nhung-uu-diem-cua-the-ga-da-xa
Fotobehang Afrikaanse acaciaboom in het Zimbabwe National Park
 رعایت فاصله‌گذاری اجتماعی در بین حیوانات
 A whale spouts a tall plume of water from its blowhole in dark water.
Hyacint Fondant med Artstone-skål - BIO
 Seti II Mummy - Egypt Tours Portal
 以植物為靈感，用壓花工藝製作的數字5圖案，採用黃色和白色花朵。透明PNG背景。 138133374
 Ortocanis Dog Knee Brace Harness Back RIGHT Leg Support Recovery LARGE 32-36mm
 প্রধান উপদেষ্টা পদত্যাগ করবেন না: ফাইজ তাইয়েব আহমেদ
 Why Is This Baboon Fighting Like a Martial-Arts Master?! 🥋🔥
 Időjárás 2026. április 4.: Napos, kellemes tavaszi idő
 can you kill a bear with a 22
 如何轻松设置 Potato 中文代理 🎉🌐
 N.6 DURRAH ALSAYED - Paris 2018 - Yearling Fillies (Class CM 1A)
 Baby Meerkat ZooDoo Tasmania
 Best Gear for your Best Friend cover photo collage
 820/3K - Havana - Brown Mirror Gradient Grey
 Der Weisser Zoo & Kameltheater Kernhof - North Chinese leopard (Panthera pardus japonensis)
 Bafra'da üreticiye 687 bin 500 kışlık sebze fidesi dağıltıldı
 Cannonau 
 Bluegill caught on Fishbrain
◆ ◆ ◆
Set down nothing but the lines from the one containing "رعایت فاصله‌گذاری اجتماعی در بین حیوانات" through the end of the entries above, exactly as written, both ends counted.

▸ TASK ANSWER
 رعایت فاصله‌گذاری اجتماعی در بین حیوانات
 A whale spouts a tall plume of water from its blowhole in dark water.
Hyacint Fondant med Artstone-skål - BIO
 Seti II Mummy - Egypt Tours Portal
 以植物為靈感，用壓花工藝製作的數字5圖案，採用黃色和白色花朵。透明PNG背景。 138133374
 Ortocanis Dog Knee Brace Harness Back RIGHT Leg Support Recovery LARGE 32-36mm
 প্রধান উপদেষ্টা পদত্যাগ করবেন না: ফাইজ তাইয়েব আহমেদ
 Why Is This Baboon Fighting Like a Martial-Arts Master?! 🥋🔥
 Időjárás 2026. április 4.: Napos, kellemes tavaszi idő
 can you kill a bear with a 22
 如何轻松设置 Potato 中文代理 🎉🌐
 N.6 DURRAH ALSAYED - Paris 2018 - Yearling Fillies (Class CM 1A)
 Baby Meerkat ZooDoo Tasmania
 Best Gear for your Best Friend cover photo collage
 820/3K - Havana - Brown Mirror Gradient Grey
 Der Weisser Zoo & Kameltheater Kernhof - North Chinese leopard (Panthera pardus japonensis)
 Bafra'da üreticiye 687 bin 500 kışlık sebze fidesi dağıltıldı
 Cannonau 
 Bluegill caught on Fishbrain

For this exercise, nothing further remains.